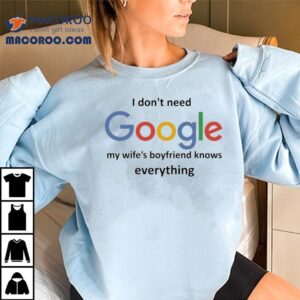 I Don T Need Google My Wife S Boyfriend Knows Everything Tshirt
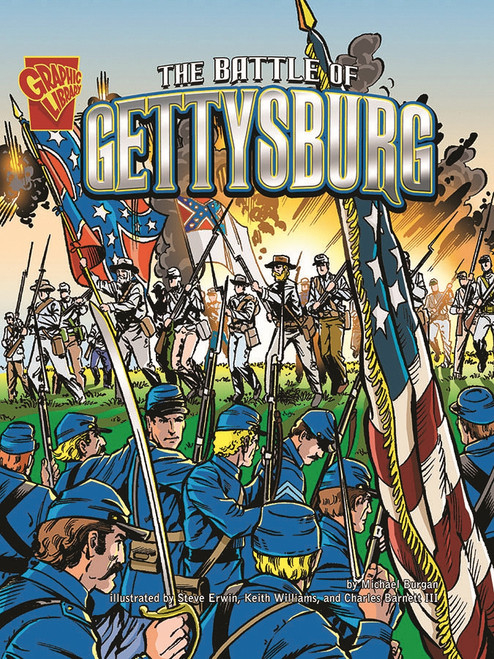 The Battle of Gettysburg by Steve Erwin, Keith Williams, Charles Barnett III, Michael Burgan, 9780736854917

--

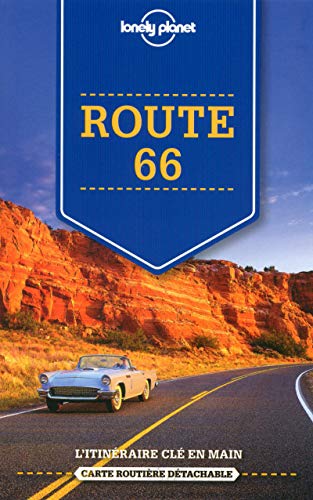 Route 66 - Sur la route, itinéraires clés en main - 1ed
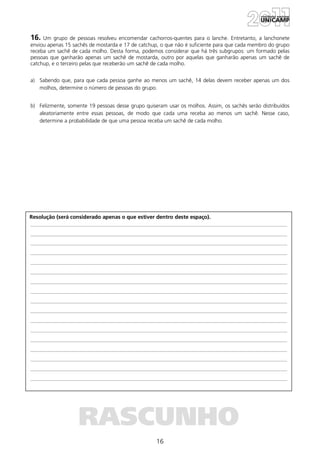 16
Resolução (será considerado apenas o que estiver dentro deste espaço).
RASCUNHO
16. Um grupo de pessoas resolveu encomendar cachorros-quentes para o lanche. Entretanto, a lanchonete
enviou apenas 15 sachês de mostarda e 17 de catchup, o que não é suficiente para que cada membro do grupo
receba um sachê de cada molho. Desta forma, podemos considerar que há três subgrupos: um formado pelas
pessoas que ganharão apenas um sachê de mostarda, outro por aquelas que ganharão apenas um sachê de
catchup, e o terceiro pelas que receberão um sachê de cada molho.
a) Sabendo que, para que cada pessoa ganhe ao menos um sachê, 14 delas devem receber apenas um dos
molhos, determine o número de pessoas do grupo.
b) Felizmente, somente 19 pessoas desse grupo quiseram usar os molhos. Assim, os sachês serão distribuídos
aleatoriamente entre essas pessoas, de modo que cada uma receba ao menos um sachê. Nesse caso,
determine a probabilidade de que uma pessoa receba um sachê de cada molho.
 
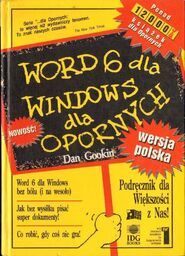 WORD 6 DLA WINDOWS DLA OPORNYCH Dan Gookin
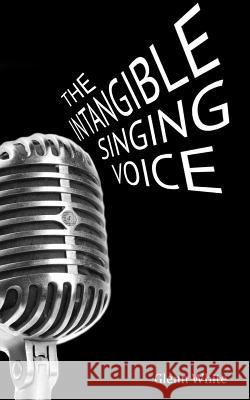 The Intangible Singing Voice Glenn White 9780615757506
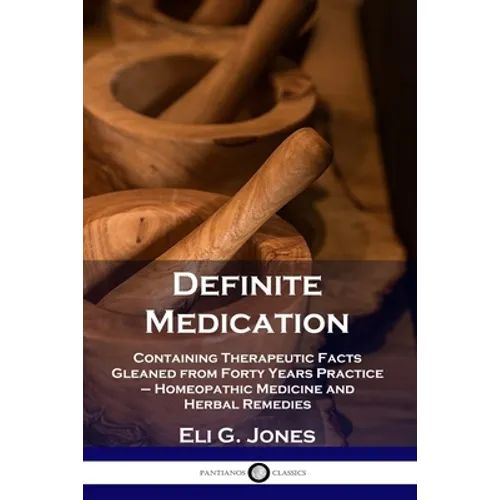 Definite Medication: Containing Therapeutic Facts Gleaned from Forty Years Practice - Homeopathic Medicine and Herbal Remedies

* * *

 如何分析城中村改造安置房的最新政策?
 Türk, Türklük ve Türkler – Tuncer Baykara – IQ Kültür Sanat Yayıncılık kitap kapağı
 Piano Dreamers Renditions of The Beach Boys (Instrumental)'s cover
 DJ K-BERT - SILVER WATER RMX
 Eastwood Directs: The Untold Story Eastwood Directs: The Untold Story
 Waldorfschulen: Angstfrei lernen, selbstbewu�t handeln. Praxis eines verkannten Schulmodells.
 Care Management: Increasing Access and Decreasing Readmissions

ACTIVITY – What do the entries above read from the line containing "molhos, determine o" through the line containing "Definite Medication: Containing"? Output those lines exactly, both ends included, with the pictures left out.

OUTPUT OF THE EXERCISE –
molhos, determine o número de pessoas do grupo.
b) Felizmente, somente 19 pessoas desse grupo quiseram usar os molhos. Assim, os sachês serão distribuídos
aleatoriamente entre essas pessoas, de modo que cada uma receba ao menos um sachê. Nesse caso,
determine a probabilidade de que uma pessoa receba um sachê de cada molho.
 
 WORD 6 DLA WINDOWS DLA OPORNYCH Dan Gookin
 The Intangible Singing Voice Glenn White 9780615757506
 Definite Medication: Containing Therapeutic Facts Gleaned from Forty Years Practice - Homeopathic Medicine and Herbal Remedies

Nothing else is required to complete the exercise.